2 Installation & Setup
Installation Guide for hts_weighting
2.1 At a Glance
Purpose: Guide users through installing all necessary software and configuring their machine to run the hts_weighting project.
Audience: anyone who needs to run the hts_weighting project locally.
Time to Complete:** ~30-60 minutes, depending on prior experience and what’s already installed.
Key Components: You’ll install R, Python, and optionally an IDE before configuring project-specific settings. - R 4.4.3 with renv package management - Python 3.12.x with PopulationSim via uv environment manager - Quarto for rendering documentation - Plus some extras if you want them!
2.2 Prerequisites
Git & Repository Setup
Install Git from https://git-scm.com/downloads if you haven’t already.
Next, clone this repository to your local machine. Do this with your preferred Git client, or run in terminal:
git clone https://github.com/RSGInc/hts_weighting-psrc_2025.git- RSG Users: If you’ll be doing a lot of weighting, you might want to place all your clones of
hts_weightingin a common parent directory, e.g.,C:/Users/your.name/Documents/locals/hts_weighting_forks/. This makes it easier to switch between different versions or forks of the project, and avoids clutter.
R Environment Setup
We pin to R 4.4.3 for reproducibility across machines and CI. This is the “latest stable version” of R before the 4.5.x series. You will also need to install build tools (Rtools) for your OS to compile packages from source.
Windows:
- Install R 4.4.3 (default
C:\Program Files\R\R-4.4.3).
- Install Rtools44 at this install page: Rtools44 for Windows.

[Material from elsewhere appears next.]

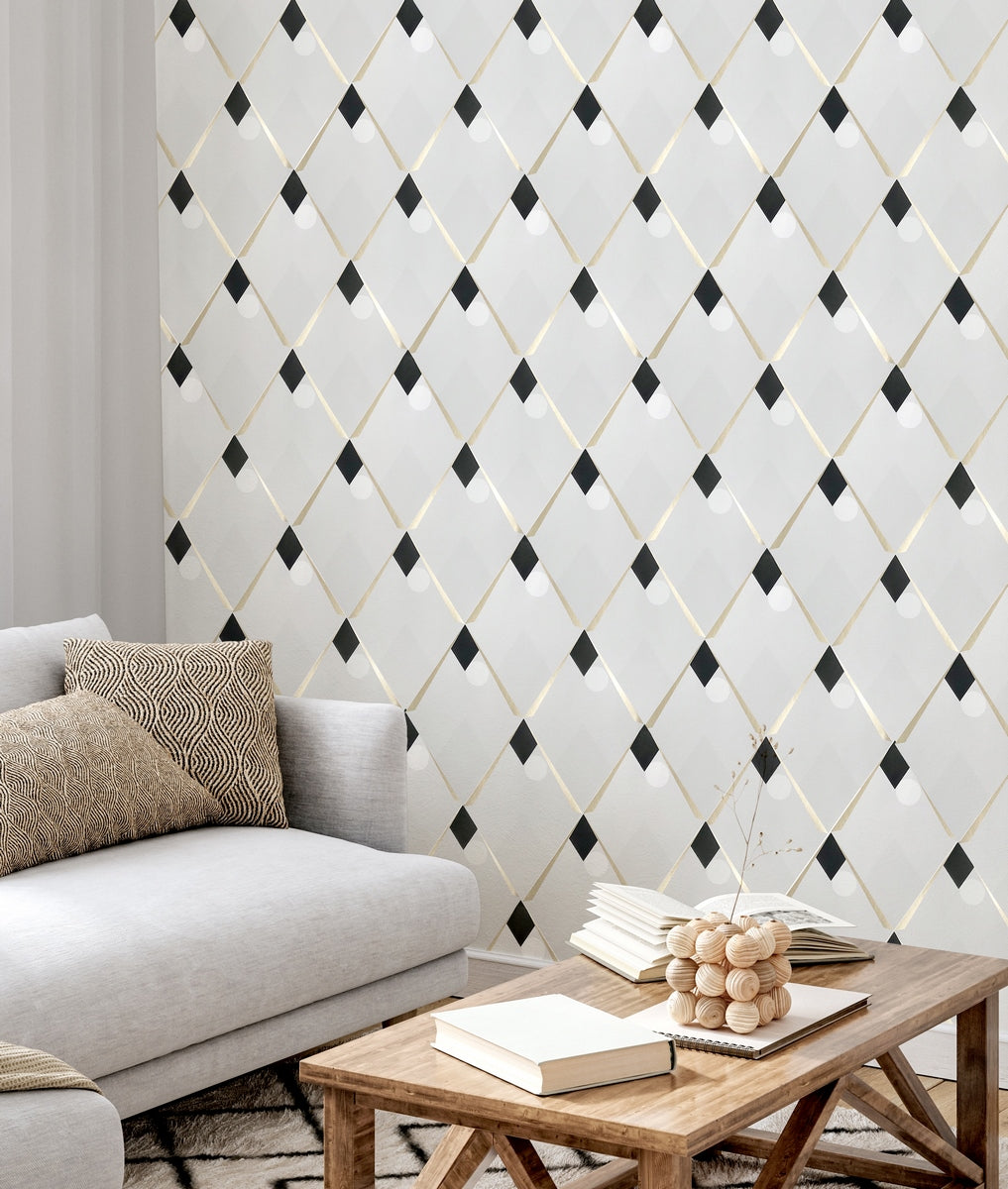 Harlequin Wallpaper - Golden Ash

- Verify your R build tools are working. In R, run:
install.packages("pkgbuild")
pkgbuild::has_build_tools(debug = TRUE)macOS:
- Install R 4.4.3 for your CPU.
- Install Xcode Command-Line Tools (CLT):
xcode-select --installWilling to be a guinea pig? Mac users may want to try installing the toolchain with the package macrtools:
remotes::install_github("rmacoslib/macrtools")
macrtools::macos_rtools_install()RSG has not tested macrtools (we are a Windows shop); please report back any issues – or if you find success!
Python Environment Manager
Install uv
Install uv, a lightweight Python environment manager, from https://docs.astral.sh/uv/reference/installer/. You can do this via command line:
# macOS/Linux
curl -LsSf https://astral.sh/uv/install.sh | sh
# Windows (PowerShell)
powershell -ExecutionPolicy ByPass -c "irm https://astral.sh/uv/install.ps1 | iex"Create and Sync Virtual Environment
Then, from the repo root, sync the environment and install PopulationSim:
# from the repo root
uv syncThis creates .venv/ and installs PopulationSim.
Verify Python Executable
Open a bash or PowerShell terminal (use the dropdown arrow beside the terminal name).
Then run:
uv run python --versionYou should see something like:
Python 3.12.xIDE (optional but recommended)
Choose one editor.
Option 1: Positron
Positron is the preferred IDE for this repository. It combines RStudio’s tight R integration with VS Code’s Quarto and Python tooling. Plus, really nice YAML support through YAML Language Support.
Download from: https://positron.posit.co/download
After installing:
Open the repository folder: (
File → Open Folder, then select your clonedhts_weighting-psrc_2025directory).Confirm Positron detects R, Python, and Quarto Open an R Terminal in Positron (
Ctrl+Shift+Ror use the dropdown in the terminal panel).
Then run:
R.version.stringYou should see:
"R version 4.4.3 (2025-01-15)"Next check for Python:
uv run python --versionYou should see something like:
Python 3.12.xNot seeing the right versions? Check the Positron documentation at Interpreter Startup.
Quarto comes bundled with Positron, so just verify it’s working.
Open the command palette with Cmd/Ctrl + Shift + P → search “Extensions: Show Installed Extensions”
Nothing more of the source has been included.